DCOR: Anomaly Detection in Attributed Networks via Dual Contrastive Learning Reconstruction

TL;DR

This work tackles anomaly detection in attributed networks by integrating reconstruction-based signaling with contrastive learning in a Graph Neural Network framework. DCOR uses a dual autoencoder to reconstruct both the adjacency matrix $\hat{A}$ and the attribute matrix $\hat{X}$ and then applies a contrastive objective between reconstructions from the original and augmented graphs, optimizing a total loss $\mathcal{L}_{total} = \lambda_{\text{rec}} \mathcal{L}_{\text{rec}} + \lambda_{\text{sc}} \mathcal{L}^{sc}$. The key contributions are the dual reconstruction mechanism, graph data augmentations (node-level and structural), and a contrastive loss that specifically exploits reconstruction differences to better identify subtle structural and attribute anomalies.
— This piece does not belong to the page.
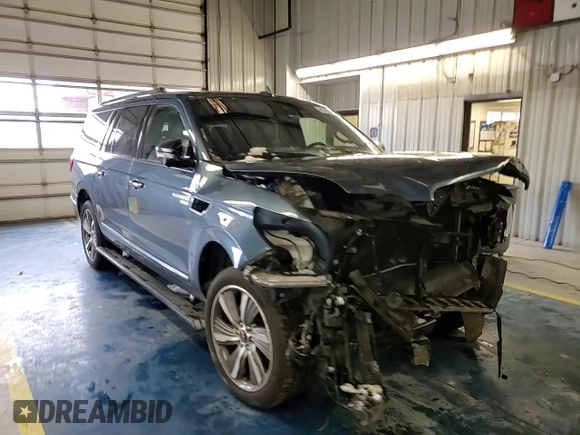 2019 Lincoln Navigator Reserve z VIN 5LMJJ3LT4KEL05430, wystawiony jako Copart lot #41456055 z przebiegiem 76 476 mil mil oraz Szkoda całkowita • Salvage title. Historia ofert i sprzedaży dostępna na DreamBid. Obrazek 12.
Empirical results on Flickr, Amazon, Enron, and Facebook show DCOR outperforms several baselines, with ablation studies demonstrating the value of reconstruction-focused contrastive learning. The approach offers a robust, end-to-end framework for detecting anomalies in complex attributed networks with potential applicability across finance, security, and network fault domains.

Abstract

Anomaly detection using a network-based approach is one of the most efficient ways to identify abnormal events such as fraud, security breaches, and system faults in a variety of applied domains. While most of the earlier works address the complex nature of graph-structured data and predefined anomalies, the impact of data attributes and emerging anomalies are often neglected. This paper introduces DCOR, a novel approach on attributed networks that integrates reconstruction-based anomaly detection with Contrastive Learning. Utilizing a Graph Neural Network (GNN) framework, DCOR contrasts the reconstructed adjacency and feature matrices from both the original and augmented graphs to detect subtle anomalies. We employed comprehensive experimental studies on benchmark datasets through standard evaluation measures. The results show that DCOR significantly outperforms state-of-the-art methods. Obtained results demonstrate the efficacy of proposed approach in attributed networks with the potential of uncovering new patterns of anomalies.